## Work order:
Transcribe the material verbatim, starting at its first line and stopping once the line containing "Holy spirt Snow" has been given; no picture should appear.

□ □ □ □ □

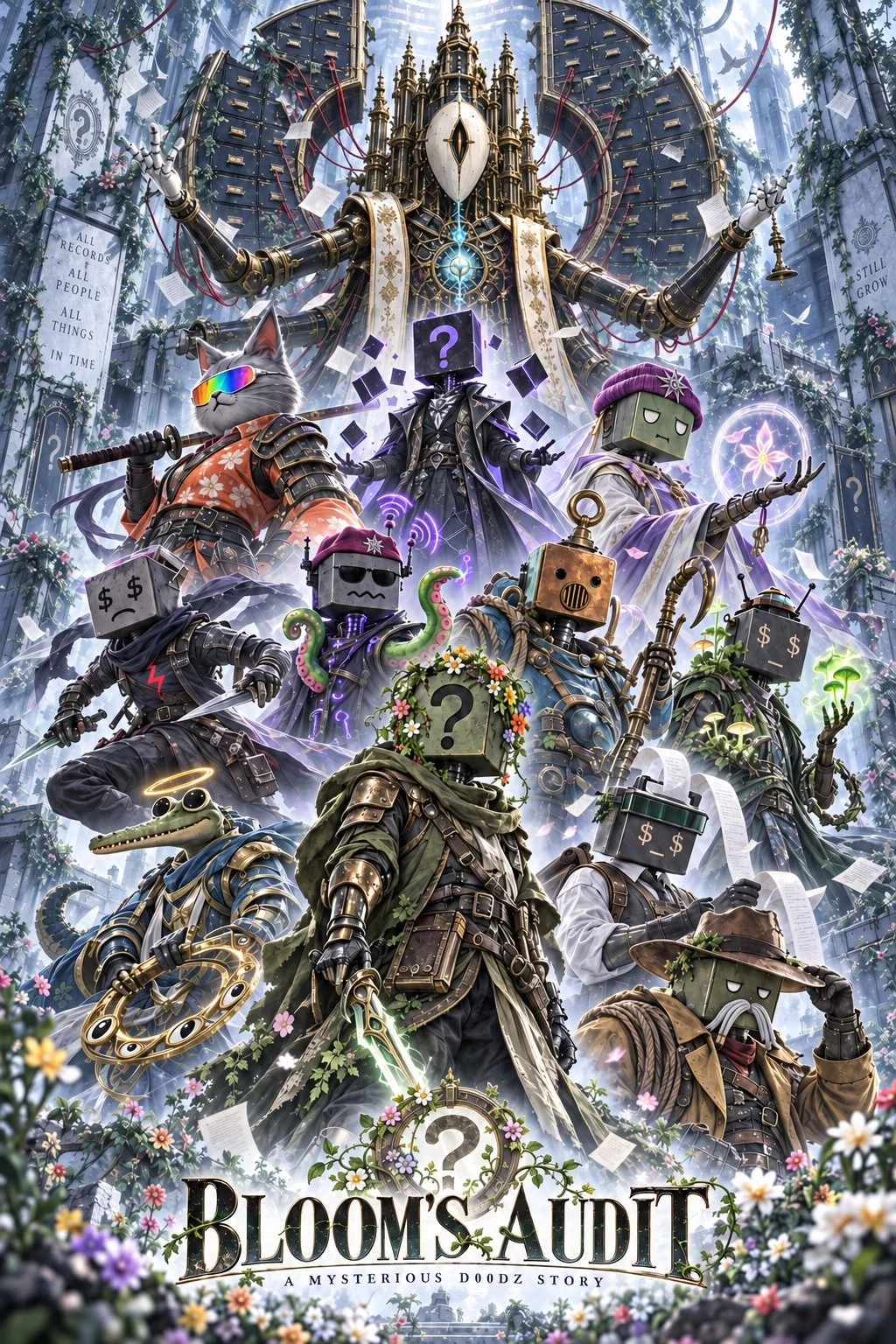 Bloom's Audit poster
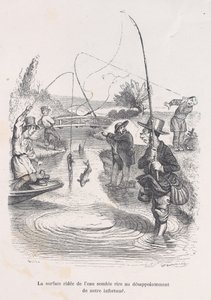 Das plätschernde Wasser scheint unser Unglück zu verspotten, aus den kleinen Elendigkeiten des menschlichen Lebens, 1843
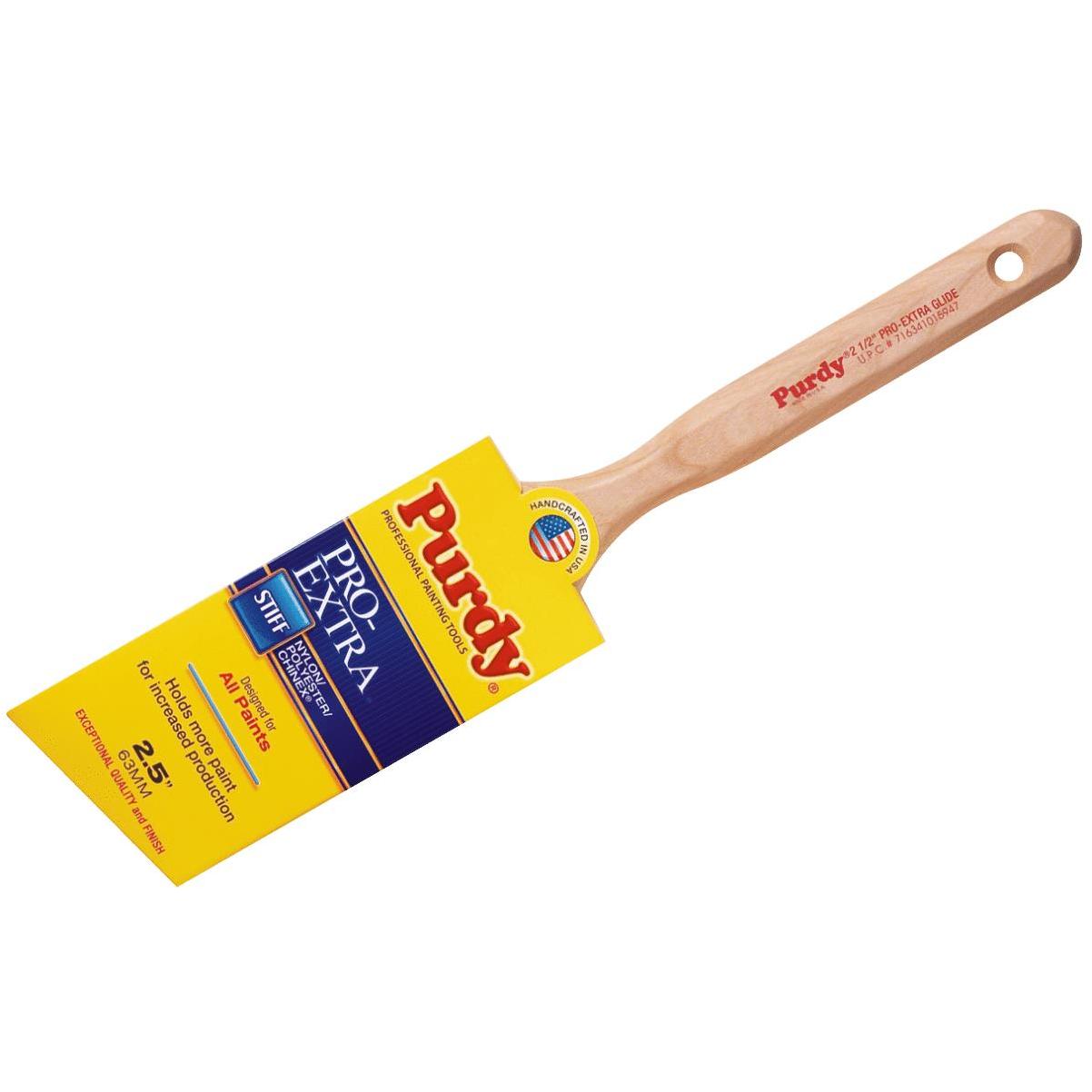 PURDY XL-Dale Angular Sash & Trim Paint Brush, 2.5-In.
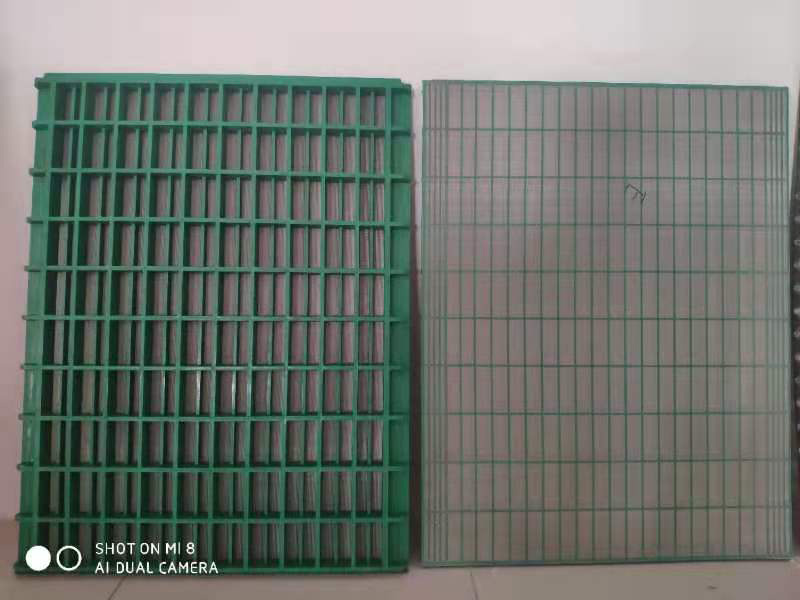石油聚氨酯框架篩網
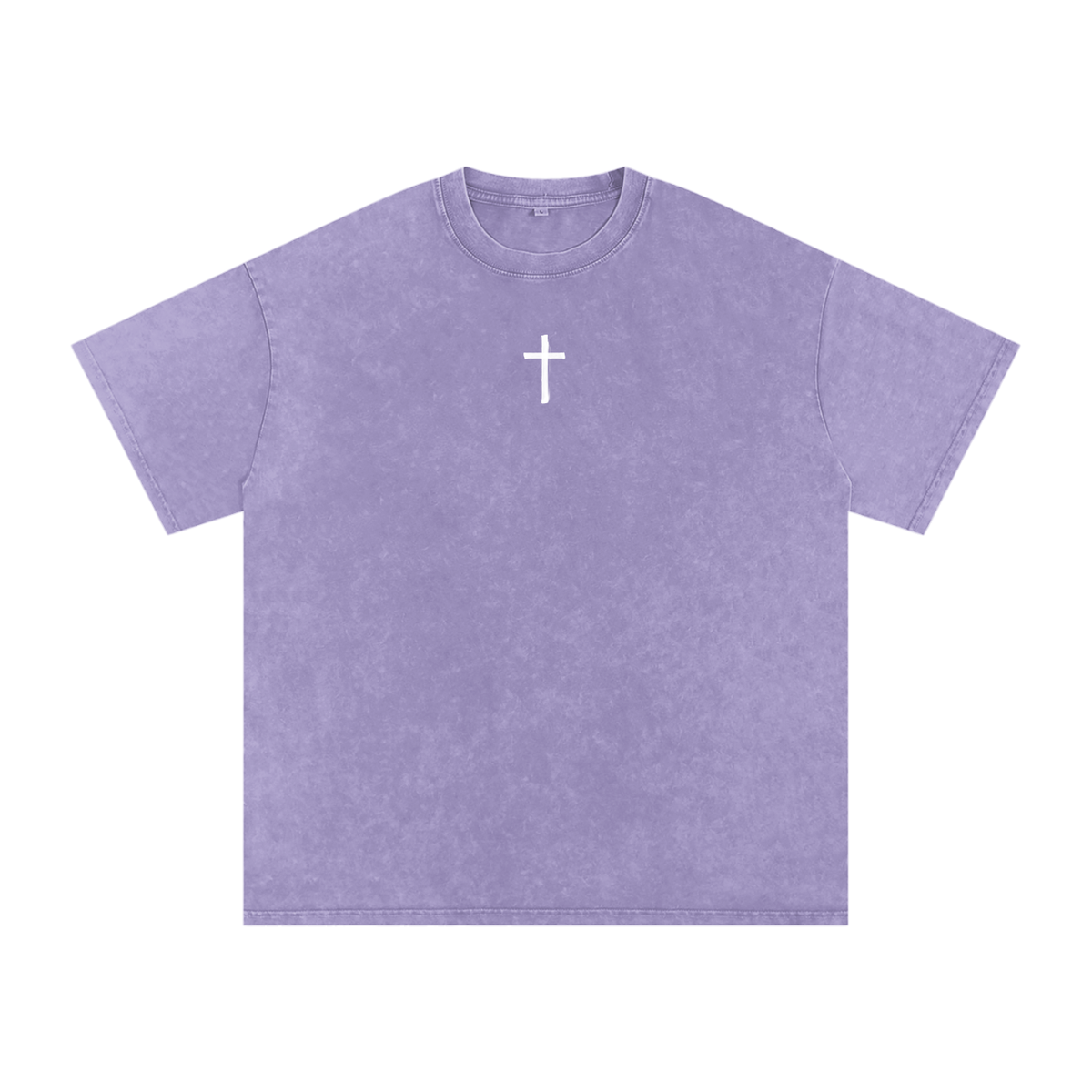 Holy spirt Snow Washed Oversized Cotton T-Shirt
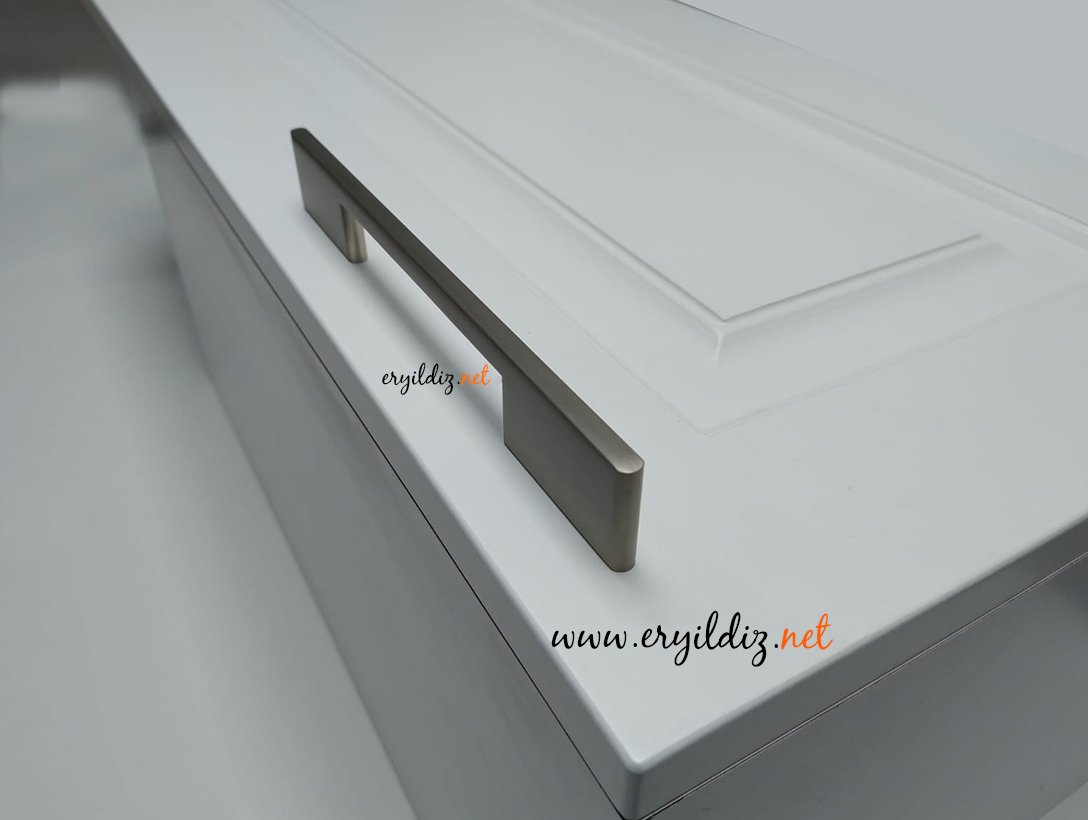System SY 8570 Mobilya Kulp Nikel Saten Eryıldız hırdavat 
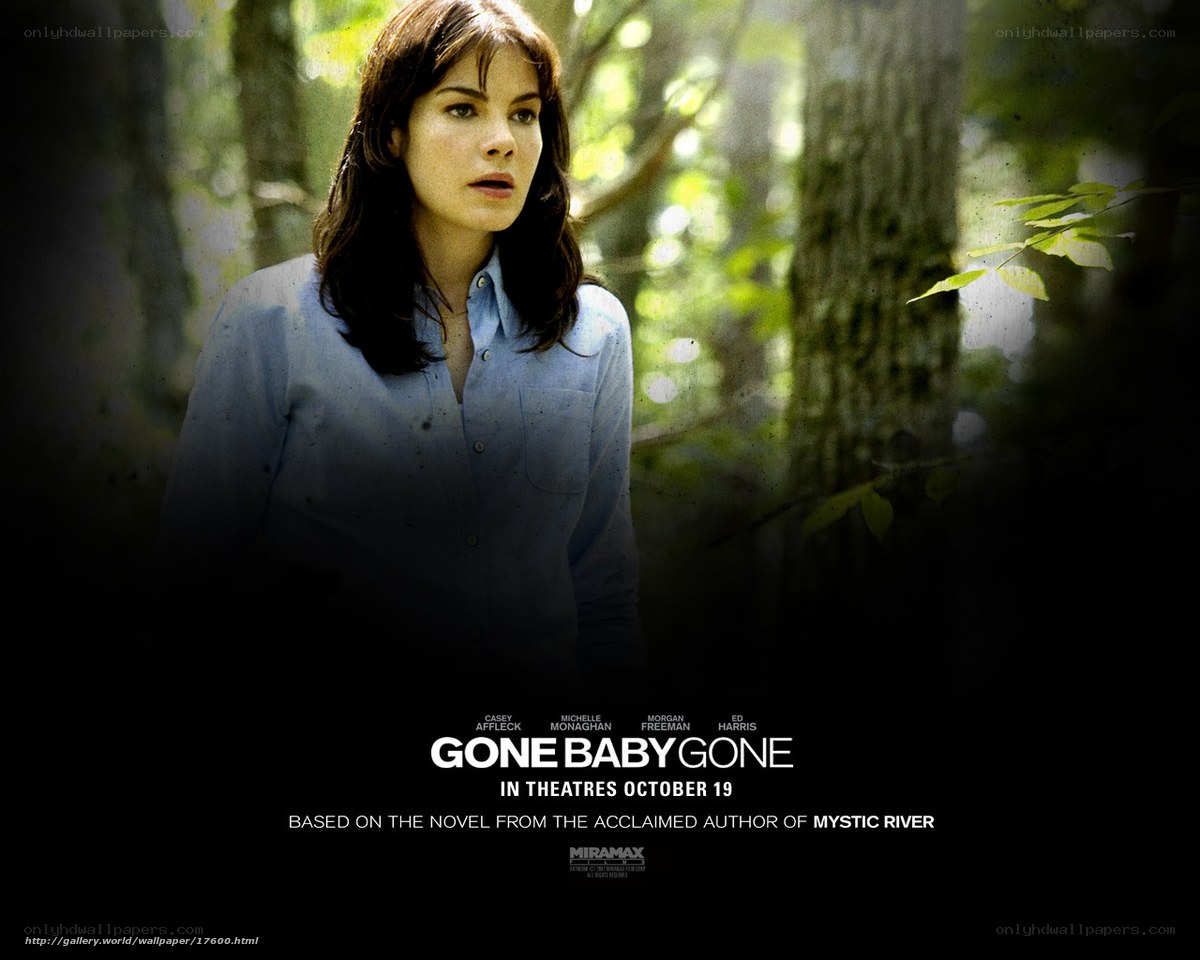 Gone Baby Gone movie poster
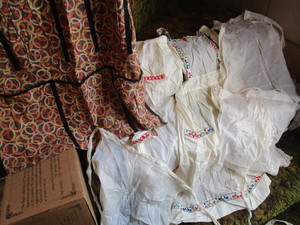 lot 210 image: Vintage Aprons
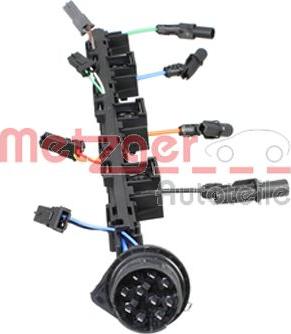 Metzger 2324097 - Провід телефонної лінії, клапанна форсунка autozip.com.ua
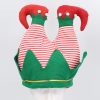 Christmas Unisex Adults Kids Novelty Hat Xmas Party Cap Santa Costume Dress Up, Elf Pants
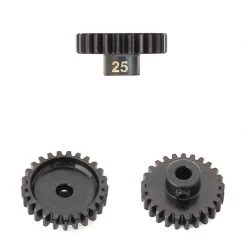 TEKNO RC LLC M5 Pinion Gear, 25T, MOD1, 5mm Bore, M5 Set Screw for Parts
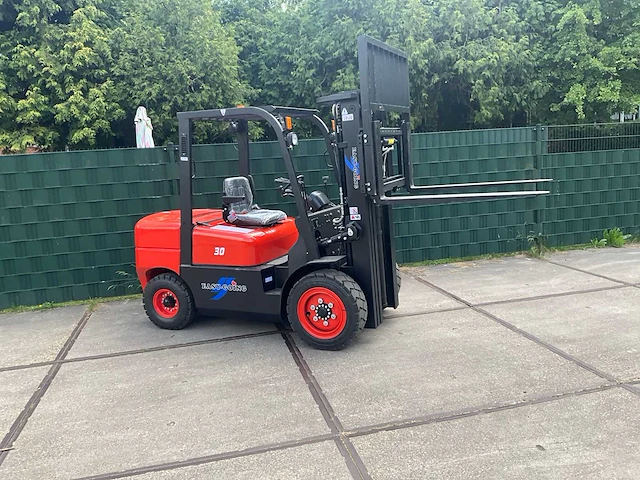 Easy-going - 3 ton - diesel - triple - vorkheftruck - 2025 - afbeelding 10 van  51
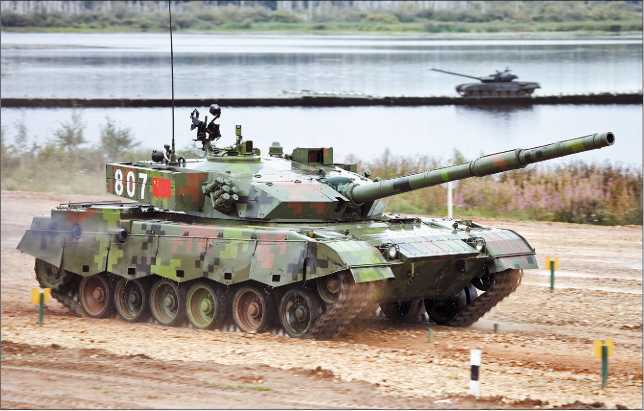 Все китайские танки<br />«Бронированные драконы» Поднебесной - i_102.jpg
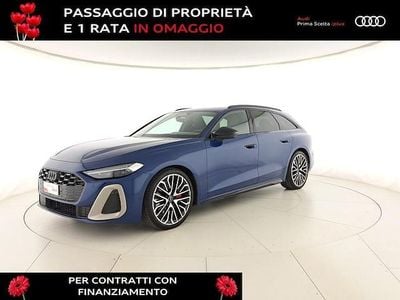 Usata Audi A5 S-Line 204 CV (150 kW) 2024 Blu ascari metallizzato Station wagon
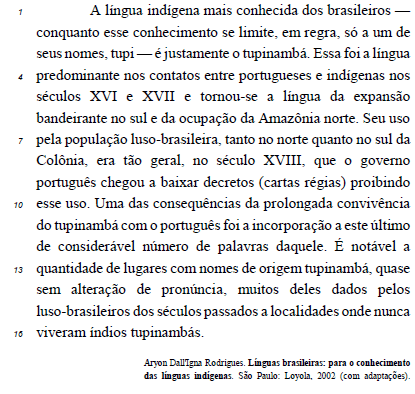 Imagem associada para resolução da questão
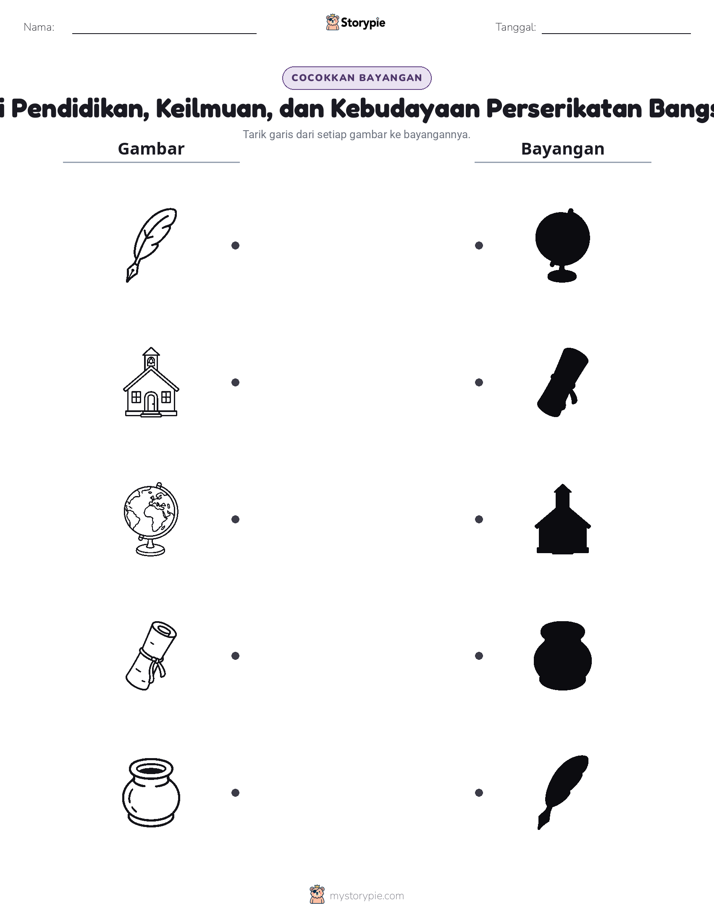 Cocokkan Bayangan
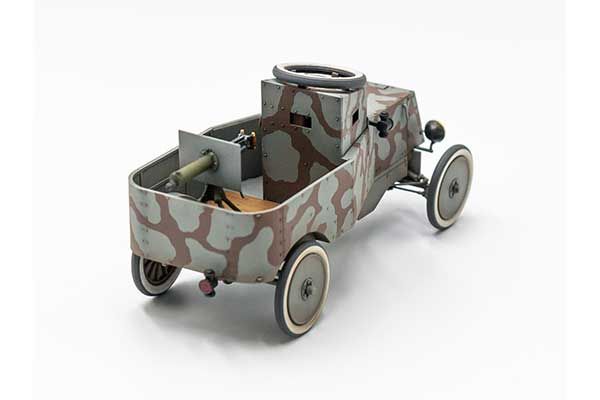 Бронеавтомобиль Model T RNAS (ICM 35669) 1/35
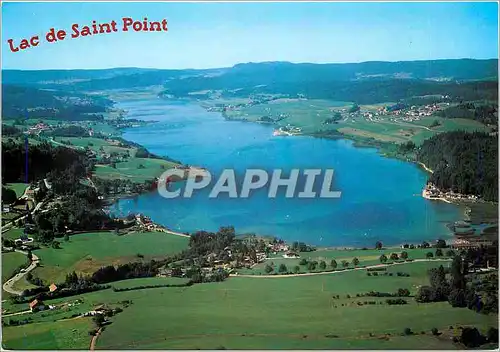 Cartes postales moderne Lac de Saint Point (Doubs)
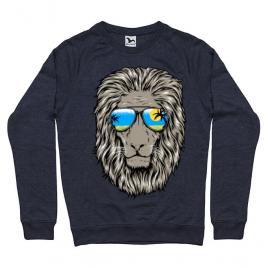 Bluza adler barbat king of summer denim inchis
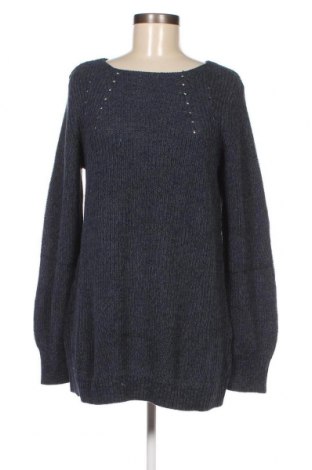 Дамски пуловер Sheego, Размер M, Цвят Син, Цена 13,05 лв.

□ □ □ □ □

## Task answer:
 Bloom's Audit poster
 Das plätschernde Wasser scheint unser Unglück zu verspotten, aus den kleinen Elendigkeiten des menschlichen Lebens, 1843
 PURDY XL-Dale Angular Sash & Trim Paint Brush, 2.5-In.
石油聚氨酯框架篩網
 Holy spirt Snow Washed Oversized Cotton T-Shirt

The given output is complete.